§ Task details:
In the records below, find the line holding "經(jīng)過整治后的安徽馬鞍山薛家洼生態(tài)園生機盎然。" and the line holding "Tai vaizdas LILLEHEM". Set down both, with every line between them, exactly.

§ Available data:

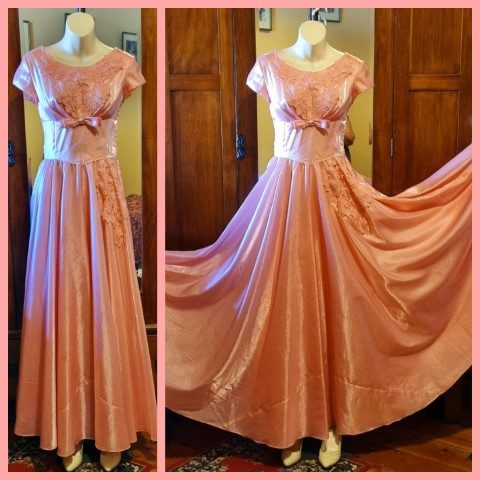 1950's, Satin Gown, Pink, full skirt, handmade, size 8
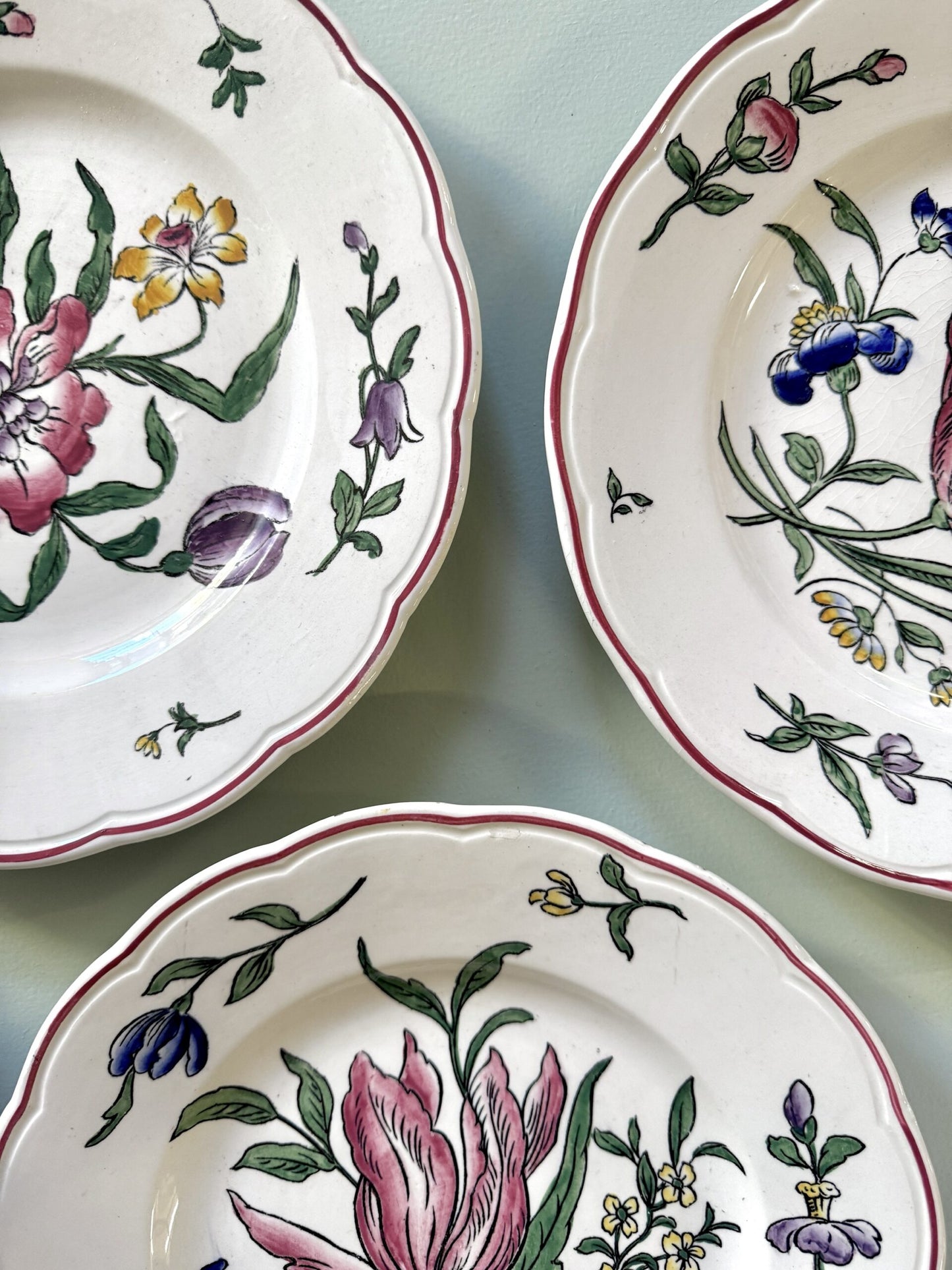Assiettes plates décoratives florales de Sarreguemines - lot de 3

...

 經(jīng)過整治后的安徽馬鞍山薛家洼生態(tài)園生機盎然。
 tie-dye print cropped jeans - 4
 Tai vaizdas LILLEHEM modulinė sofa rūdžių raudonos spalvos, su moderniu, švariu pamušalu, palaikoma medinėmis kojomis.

§ Solution to this exercise:
 經(jīng)過整治后的安徽馬鞍山薛家洼生態(tài)園生機盎然。
 tie-dye print cropped jeans - 4
 Tai vaizdas LILLEHEM modulinė sofa rūdžių raudonos spalvos, su moderniu, švariu pamušalu, palaikoma medinėmis kojomis.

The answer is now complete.